Activity: All entries must be given again in full, exactly as they were supplied.

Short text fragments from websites

========================================

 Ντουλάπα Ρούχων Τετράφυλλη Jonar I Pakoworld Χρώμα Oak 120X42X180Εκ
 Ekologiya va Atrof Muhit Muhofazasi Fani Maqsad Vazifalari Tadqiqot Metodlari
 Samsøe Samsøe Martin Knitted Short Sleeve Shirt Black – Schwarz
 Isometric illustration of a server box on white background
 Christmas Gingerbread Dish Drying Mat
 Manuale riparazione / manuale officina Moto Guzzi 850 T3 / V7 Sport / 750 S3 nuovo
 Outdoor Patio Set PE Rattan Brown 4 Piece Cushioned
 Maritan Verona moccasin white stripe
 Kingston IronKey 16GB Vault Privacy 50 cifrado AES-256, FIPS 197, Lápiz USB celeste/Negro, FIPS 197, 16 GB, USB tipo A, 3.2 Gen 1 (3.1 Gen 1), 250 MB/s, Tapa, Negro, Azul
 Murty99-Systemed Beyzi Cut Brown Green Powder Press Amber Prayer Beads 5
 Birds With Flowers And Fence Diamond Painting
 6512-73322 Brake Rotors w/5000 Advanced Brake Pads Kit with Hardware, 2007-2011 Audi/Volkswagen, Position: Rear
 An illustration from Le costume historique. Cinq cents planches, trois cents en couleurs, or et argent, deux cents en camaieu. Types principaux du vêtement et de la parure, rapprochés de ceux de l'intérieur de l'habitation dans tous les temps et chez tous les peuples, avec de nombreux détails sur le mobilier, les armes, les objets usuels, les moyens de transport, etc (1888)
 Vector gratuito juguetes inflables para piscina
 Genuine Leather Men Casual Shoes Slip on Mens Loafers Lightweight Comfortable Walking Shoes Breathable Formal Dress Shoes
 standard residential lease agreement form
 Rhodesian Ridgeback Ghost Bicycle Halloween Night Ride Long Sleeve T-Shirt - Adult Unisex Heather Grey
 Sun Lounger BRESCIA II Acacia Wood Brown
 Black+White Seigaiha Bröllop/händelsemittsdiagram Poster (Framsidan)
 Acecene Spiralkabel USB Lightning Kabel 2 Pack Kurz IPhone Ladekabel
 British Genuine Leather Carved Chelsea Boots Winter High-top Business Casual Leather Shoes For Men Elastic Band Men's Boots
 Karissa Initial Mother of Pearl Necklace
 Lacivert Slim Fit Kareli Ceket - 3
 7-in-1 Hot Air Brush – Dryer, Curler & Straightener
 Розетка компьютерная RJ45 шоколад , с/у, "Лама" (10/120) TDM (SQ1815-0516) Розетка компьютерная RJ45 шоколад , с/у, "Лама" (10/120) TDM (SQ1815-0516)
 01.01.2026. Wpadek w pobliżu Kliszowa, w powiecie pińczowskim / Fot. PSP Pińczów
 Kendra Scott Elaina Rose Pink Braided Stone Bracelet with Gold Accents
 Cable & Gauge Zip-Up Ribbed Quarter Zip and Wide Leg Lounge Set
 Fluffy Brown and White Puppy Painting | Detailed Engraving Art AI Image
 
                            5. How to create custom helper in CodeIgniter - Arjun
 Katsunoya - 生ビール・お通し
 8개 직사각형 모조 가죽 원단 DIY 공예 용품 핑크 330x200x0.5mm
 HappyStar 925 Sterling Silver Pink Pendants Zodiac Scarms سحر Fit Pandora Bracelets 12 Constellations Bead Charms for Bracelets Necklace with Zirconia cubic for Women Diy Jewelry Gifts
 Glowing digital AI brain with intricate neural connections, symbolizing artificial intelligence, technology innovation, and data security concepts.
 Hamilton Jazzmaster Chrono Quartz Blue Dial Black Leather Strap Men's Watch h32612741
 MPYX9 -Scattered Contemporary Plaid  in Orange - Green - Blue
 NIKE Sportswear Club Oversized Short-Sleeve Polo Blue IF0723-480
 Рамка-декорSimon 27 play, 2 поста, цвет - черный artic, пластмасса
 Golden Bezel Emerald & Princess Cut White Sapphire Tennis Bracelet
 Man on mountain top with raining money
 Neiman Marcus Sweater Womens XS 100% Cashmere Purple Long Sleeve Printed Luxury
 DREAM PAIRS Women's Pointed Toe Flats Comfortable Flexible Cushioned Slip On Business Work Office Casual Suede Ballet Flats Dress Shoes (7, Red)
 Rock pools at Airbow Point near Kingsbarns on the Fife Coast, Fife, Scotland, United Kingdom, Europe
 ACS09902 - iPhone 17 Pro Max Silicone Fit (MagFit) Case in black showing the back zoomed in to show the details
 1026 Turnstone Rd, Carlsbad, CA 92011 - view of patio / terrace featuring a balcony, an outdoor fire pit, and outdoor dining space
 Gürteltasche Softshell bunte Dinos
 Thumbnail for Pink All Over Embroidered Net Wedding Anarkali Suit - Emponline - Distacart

========================================

Answer to the problem:
 Ντουλάπα Ρούχων Τετράφυλλη Jonar I Pakoworld Χρώμα Oak 120X42X180Εκ
 Ekologiya va Atrof Muhit Muhofazasi Fani Maqsad Vazifalari Tadqiqot Metodlari
 Samsøe Samsøe Martin Knitted Short Sleeve Shirt Black – Schwarz
 Isometric illustration of a server box on white background
 Christmas Gingerbread Dish Drying Mat
 Manuale riparazione / manuale officina Moto Guzzi 850 T3 / V7 Sport / 750 S3 nuovo
 Outdoor Patio Set PE Rattan Brown 4 Piece Cushioned
 Maritan Verona moccasin white stripe
 Kingston IronKey 16GB Vault Privacy 50 cifrado AES-256, FIPS 197, Lápiz USB celeste/Negro, FIPS 197, 16 GB, USB tipo A, 3.2 Gen 1 (3.1 Gen 1), 250 MB/s, Tapa, Negro, Azul
 Murty99-Systemed Beyzi Cut Brown Green Powder Press Amber Prayer Beads 5
 Birds With Flowers And Fence Diamond Painting
 6512-73322 Brake Rotors w/5000 Advanced Brake Pads Kit with Hardware, 2007-2011 Audi/Volkswagen, Position: Rear
 An illustration from Le costume historique. Cinq cents planches, trois cents en couleurs, or et argent, deux cents en camaieu. Types principaux du vêtement et de la parure, rapprochés de ceux de l'intérieur de l'habitation dans tous les temps et chez tous les peuples, avec de nombreux détails sur le mobilier, les armes, les objets usuels, les moyens de transport, etc (1888)
 Vector gratuito juguetes inflables para piscina
 Genuine Leather Men Casual Shoes Slip on Mens Loafers Lightweight Comfortable Walking Shoes Breathable Formal Dress Shoes
 standard residential lease agreement form
 Rhodesian Ridgeback Ghost Bicycle Halloween Night Ride Long Sleeve T-Shirt - Adult Unisex Heather Grey
 Sun Lounger BRESCIA II Acacia Wood Brown
 Black+White Seigaiha Bröllop/händelsemittsdiagram Poster (Framsidan)
 Acecene Spiralkabel USB Lightning Kabel 2 Pack Kurz IPhone Ladekabel
 British Genuine Leather Carved Chelsea Boots Winter High-top Business Casual Leather Shoes For Men Elastic Band Men's Boots
 Karissa Initial Mother of Pearl Necklace
 Lacivert Slim Fit Kareli Ceket - 3
 7-in-1 Hot Air Brush – Dryer, Curler & Straightener
 Розетка компьютерная RJ45 шоколад , с/у, "Лама" (10/120) TDM (SQ1815-0516) Розетка компьютерная RJ45 шоколад , с/у, "Лама" (10/120) TDM (SQ1815-0516)
 01.01.2026. Wpadek w pobliżu Kliszowa, w powiecie pińczowskim / Fot. PSP Pińczów
 Kendra Scott Elaina Rose Pink Braided Stone Bracelet with Gold Accents
 Cable & Gauge Zip-Up Ribbed Quarter Zip and Wide Leg Lounge Set
 Fluffy Brown and White Puppy Painting | Detailed Engraving Art AI Image
 
                            5. How to create custom helper in CodeIgniter - Arjun
 Katsunoya - 生ビール・お通し
 8개 직사각형 모조 가죽 원단 DIY 공예 용품 핑크 330x200x0.5mm
 HappyStar 925 Sterling Silver Pink Pendants Zodiac Scarms سحر Fit Pandora Bracelets 12 Constellations Bead Charms for Bracelets Necklace with Zirconia cubic for Women Diy Jewelry Gifts
 Glowing digital AI brain with intricate neural connections, symbolizing artificial intelligence, technology innovation, and data security concepts.
 Hamilton Jazzmaster Chrono Quartz Blue Dial Black Leather Strap Men's Watch h32612741
 MPYX9 -Scattered Contemporary Plaid  in Orange - Green - Blue
 NIKE Sportswear Club Oversized Short-Sleeve Polo Blue IF0723-480
 Рамка-декорSimon 27 play, 2 поста, цвет - черный artic, пластмасса
 Golden Bezel Emerald & Princess Cut White Sapphire Tennis Bracelet
 Man on mountain top with raining money
 Neiman Marcus Sweater Womens XS 100% Cashmere Purple Long Sleeve Printed Luxury
 DREAM PAIRS Women's Pointed Toe Flats Comfortable Flexible Cushioned Slip On Business Work Office Casual Suede Ballet Flats Dress Shoes (7, Red)
 Rock pools at Airbow Point near Kingsbarns on the Fife Coast, Fife, Scotland, United Kingdom, Europe
 ACS09902 - iPhone 17 Pro Max Silicone Fit (MagFit) Case in black showing the back zoomed in to show the details
 1026 Turnstone Rd, Carlsbad, CA 92011 - view of patio / terrace featuring a balcony, an outdoor fire pit, and outdoor dining space
 Gürteltasche Softshell bunte Dinos
 Thumbnail for Pink All Over Embroidered Net Wedding Anarkali Suit - Emponline - Distacart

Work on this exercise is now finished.